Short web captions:
____
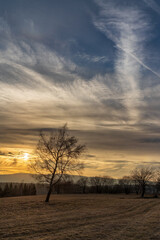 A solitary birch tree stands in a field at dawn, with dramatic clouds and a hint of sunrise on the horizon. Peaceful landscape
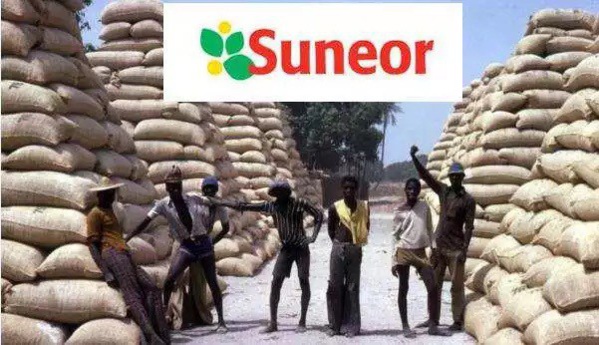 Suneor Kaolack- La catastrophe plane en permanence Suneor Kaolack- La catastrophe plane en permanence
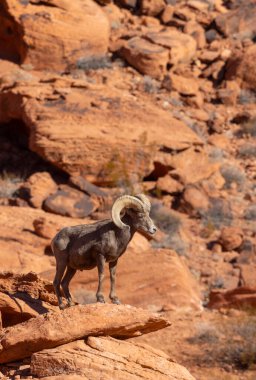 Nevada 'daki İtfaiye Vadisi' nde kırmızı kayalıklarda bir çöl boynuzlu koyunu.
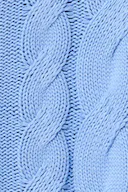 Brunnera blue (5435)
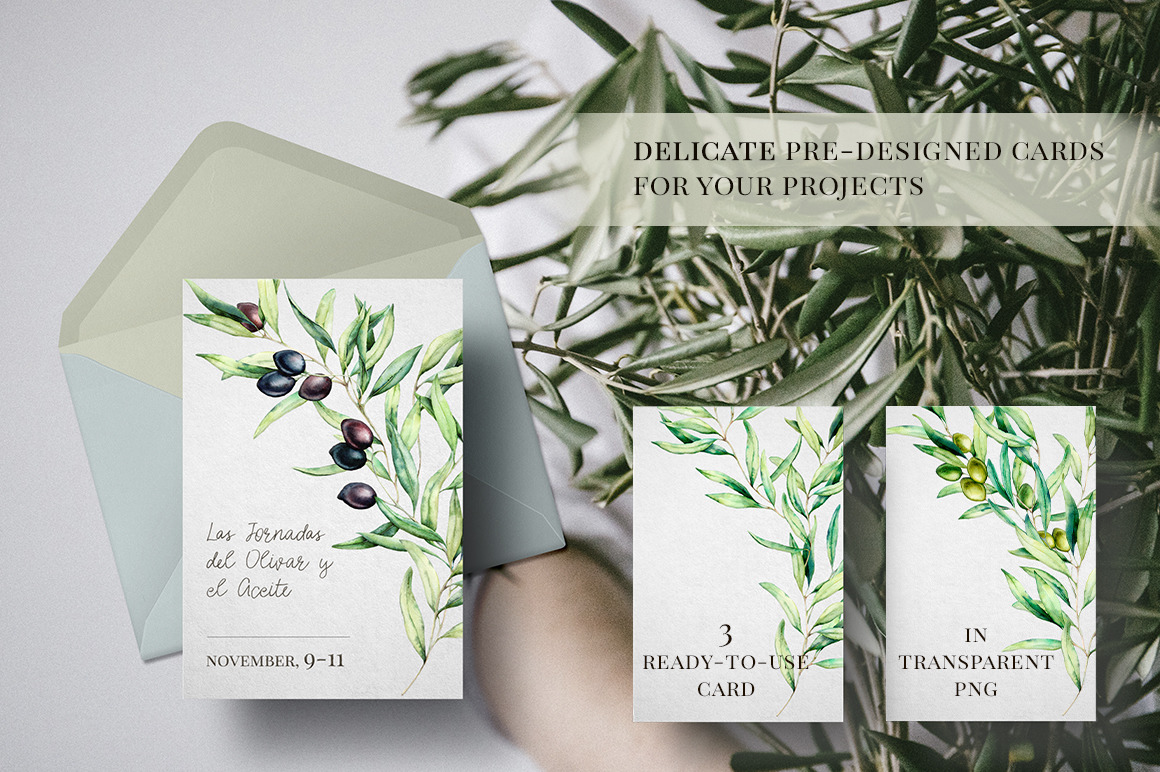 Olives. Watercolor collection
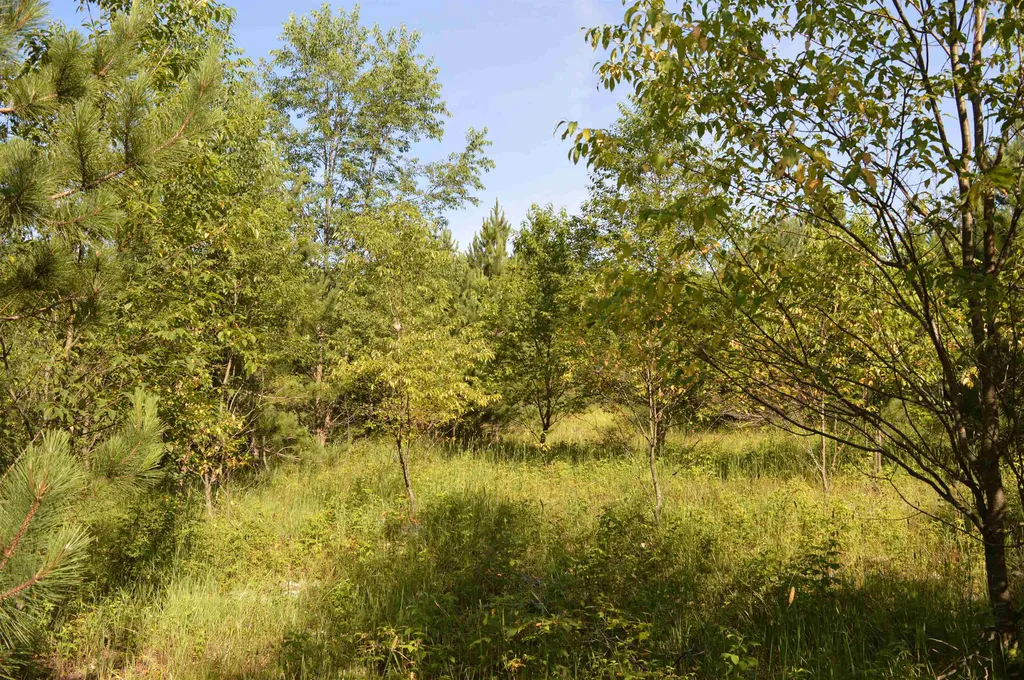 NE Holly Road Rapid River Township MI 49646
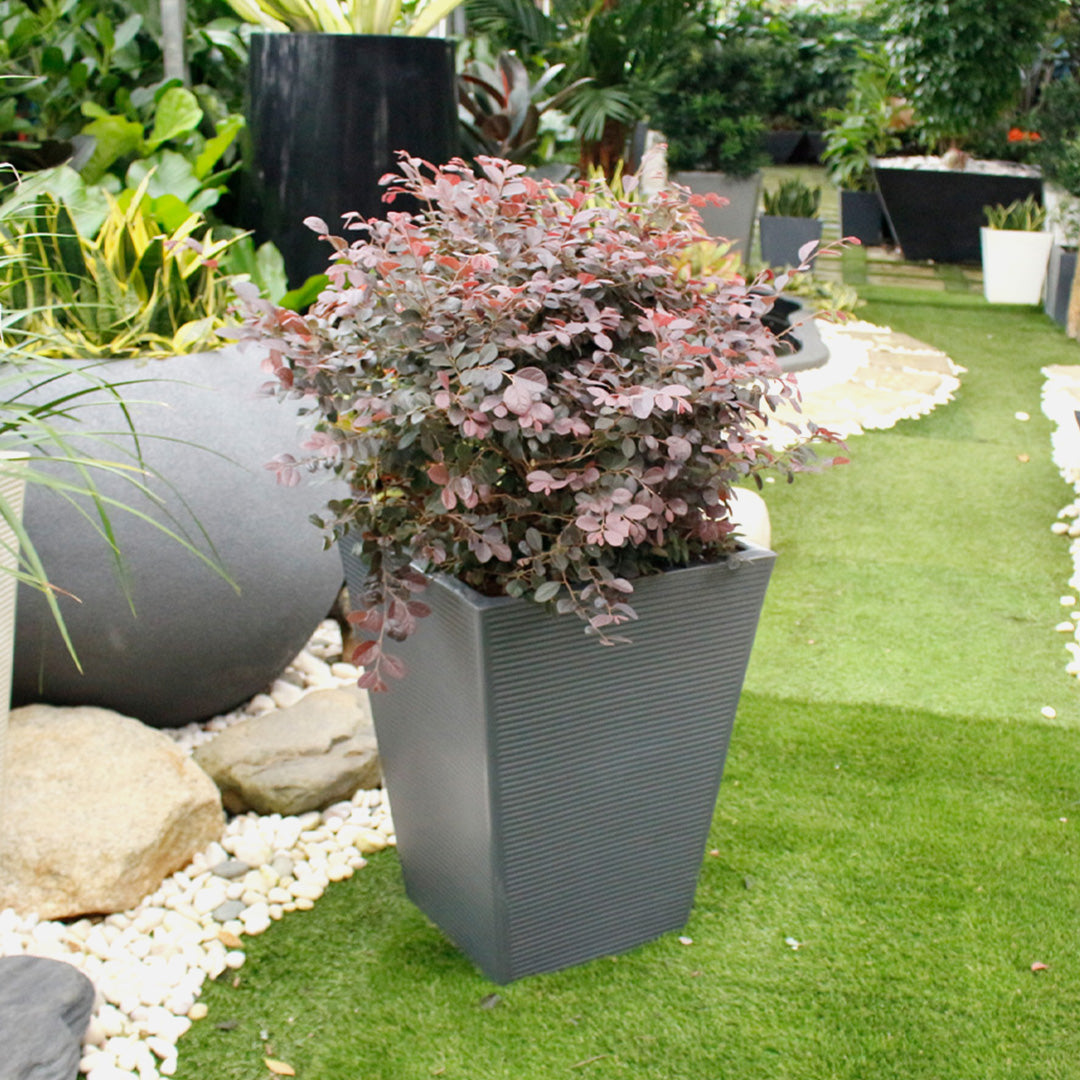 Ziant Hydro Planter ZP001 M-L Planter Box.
____
■ **Required action**
Print out every entry above without changing a word, and leave out the pictures.

■ **Task output**
 A solitary birch tree stands in a field at dawn, with dramatic clouds and a hint of sunrise on the horizon. Peaceful landscape
 Suneor Kaolack- La catastrophe plane en permanence Suneor Kaolack- La catastrophe plane en permanence
 Nevada 'daki İtfaiye Vadisi' nde kırmızı kayalıklarda bir çöl boynuzlu koyunu.
 Brunnera blue (5435)
 Olives. Watercolor collection
 NE Holly Road Rapid River Township MI 49646
 Ziant Hydro Planter ZP001 M-L Planter Box.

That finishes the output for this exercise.